Task details:
Take the entries that follow and return exactly the lines from the one holding "La Casa degli" through the one holding "Spring Flowers", both included. Nothing else is needed.

Data provided:
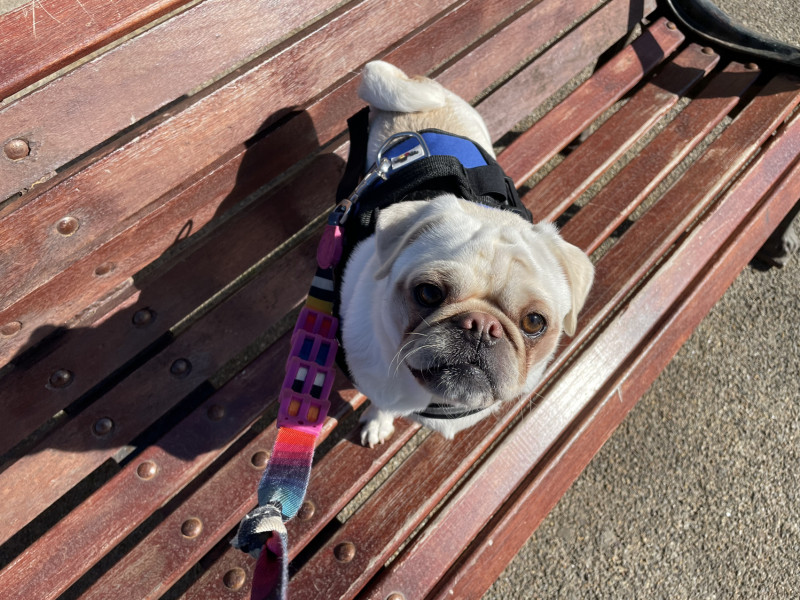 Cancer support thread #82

---

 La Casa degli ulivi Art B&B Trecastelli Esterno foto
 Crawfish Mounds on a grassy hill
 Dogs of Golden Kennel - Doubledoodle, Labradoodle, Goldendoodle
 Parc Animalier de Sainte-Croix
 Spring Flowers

Solved exercise:
 La Casa degli ulivi Art B&B Trecastelli Esterno foto
 Crawfish Mounds on a grassy hill
 Dogs of Golden Kennel - Doubledoodle, Labradoodle, Goldendoodle
 Parc Animalier de Sainte-Croix
 Spring Flowers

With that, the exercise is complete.